There have been some big joys in our lives recently – we have a grandson in the family who we met as soon as we were recovered and fit to be around a tiny person! And, as always, we have been tuning in to the many small simple pleasures in the day, the satisfying things that make everyday life glow even (or especially) when we feel under the weather and/or baffled by the behaviour of some of our fellow humans.

Such as:

Not always thinking about saving money
There is a particularly effective ad campaign in the UK at the moment by a company who pay out less for buying your stuff, but save you lots of time. They make a good point, that sometimes it’s best not to take the most cost effective option (as long as you have enough money to get by, of course). For Lucy going back to work, feeling better but not fully back to normal, cycling in on cold mornings would not have been a good idea and so for once the bicycle was left alone for a week and she went to work using a bus pass. The bus goes door to door from home to work. Pure luxury and totally worth it.

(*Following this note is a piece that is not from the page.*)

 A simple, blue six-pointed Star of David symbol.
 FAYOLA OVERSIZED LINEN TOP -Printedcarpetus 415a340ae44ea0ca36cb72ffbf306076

This month Lucy has also bought two coats, and not the cheapest options available. It isn’t good value for money to have a cheap high-visibility cycling jacket, if the lining and zips break within a year and the coat is so thin it provides no warmth so requires a hoodie underneath. The new one below is much thicker and better quality. The coat with a furry hood is for cold winter days: properly warm and big enough to wear with layers underneath if needed. A much more practical choice than the last coat Lucy bought which was impractical: too small, not at all warm, and with novelty buttons half of which fell off within a week. It was only really purchased because it was in a sale (and it was purple).

Soup, tuna, or whatever we really want to eat
We both lost our appetites for several days. It was interesting to see what it was we first started to really crave. For Lucy it was soup, because it was the only thing that felt good for a sore throat. A lot of soup has been consumed in 2017 so far! Brian surprised himself by suddenly desiring tuna. Our bodies are obviously telling us what they want!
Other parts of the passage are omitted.